伏線3:アラムコのIPOがサウジで一部実現する模様。“減産→原油相場上昇”が急務に?

 サウジの国営石油会社サウジアラムコ(以下アラムコ)のIPOは、同国のムハンマド皇太子が打ち上げた脱石油を柱とする経済改革「ビジョン2030」における重要な資金調達プロセスです。

 IPOの構想が発表されてから3年以上が経過しており、2018年10月にはサウジの記者殺害事件で頓挫(とんざ)しそうになるなど、紆余曲折がありました。しかし、2019年11月3日、サウジ当局はアラムコ株の上場を承認。同日、アラムコのアルルマヤン会長が、株式の一部をサウジの国内市場であるタダウル市場に上場すると発表しました。12月中旬にも取引が始まるとの報道もあります。

 タダウル市場で株式の取引や資金調達、情報公開などの実績を作った上で、NYやロンドン、東京などのサウジの国外市場に上場させること(本格的に資金調達を進める)を目指しているとみられます。

 中断しかけていたIPOが動き出したきっかけは、今年(2019年)9月のアラムコに関わる複数の要職の交代だったと考えられます。

 9月2日にアラムコの会長の交代がありました。新しく就任したアルルマヤン氏は、「ビジョン2030」の重要な資金調達・管理を担うパブリック・インベストメント・ファンドの総裁だった人物で、同改革を進めるために欠かせないアラムコのIPOを実現する責務を負っていました。

 また、サウジのエネルギー大臣が交代したのも9月でした。9月7日にエネルギー大臣が解任され、サルマン国王の息子であるアブドルアジズ・ビン・サルマン王子が新しい大臣になりました。サウジ建国来初めて、技術官僚が務めることが常であったエネルギー大臣に初めて王族が就くサプライズ人事でした。

 これらの人事刷新によって、サウジアラムコのIPOは記者殺害事件によって王族への疑念が払しょくされていなくても、(人事刷新の数日後に発生した)ドローン事件で石油関連施設の防衛体制の脆弱性への懸念があったとしても、王族と王族に近い人物たちによる「ビジョン2030」推進のためのアラムコのIPO実現への重要な一歩が踏み出されたわけです。

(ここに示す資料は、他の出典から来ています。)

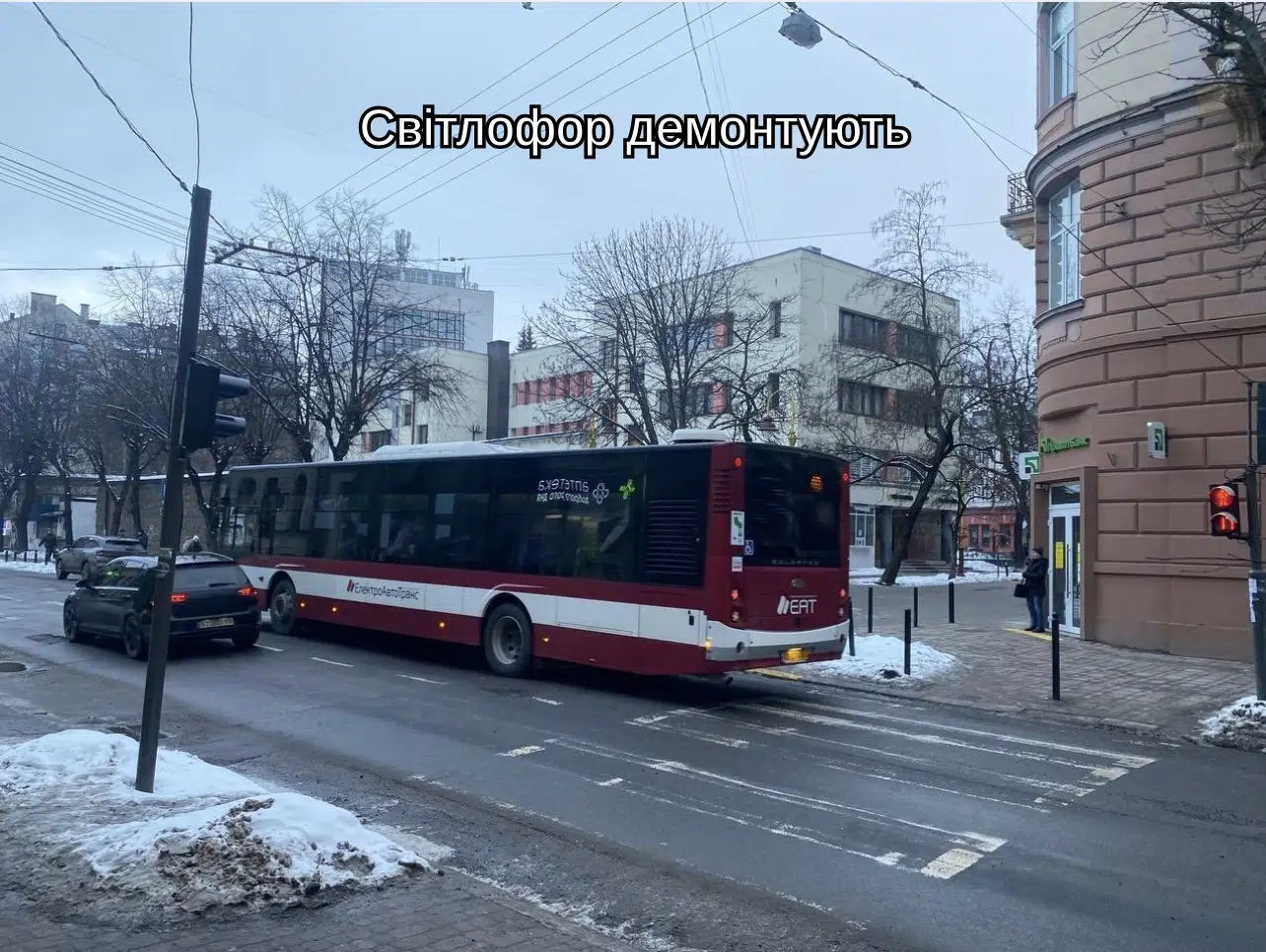 Міський автобус на перехресті біля демонтованого світлофора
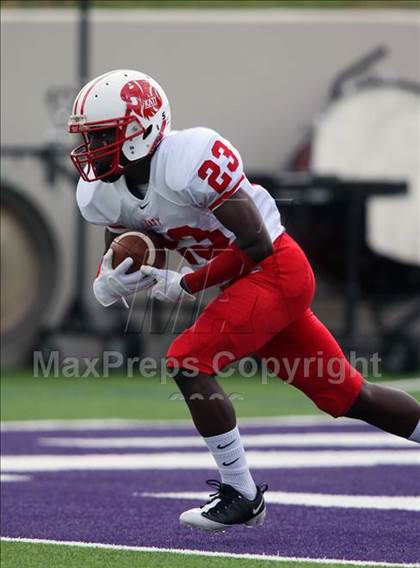 Thumbnail 1 in Katy vs. Marcus photogallery.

 このような、アラムコのIPOを人事の刷新によって推進する動きは、脱石油を旗印にした「ビジョン2030」を実現するために必要な資金調達が急務だということを示していると考えられます。

 アラムコの国内市場上場をやりとげ、その後、安定した株価を維持するためには、原油相場を上昇させる(少なくとも急落させない)ことが必要です。サウジ国外市場に上場を目指すのであればなおさらです。

 12月の産油国の会合を前にアラムコのIPOが急に進展したことを考えれば、非常に優先度が高い状況にある原油相場の上昇・安定化を、減産延長によって実現する、ということが既定路線になっていると考えられます。

 逆を言えば、アラムコのIPOの進展は、減産延長が起こり得ることを強く示唆する伏線と言えます。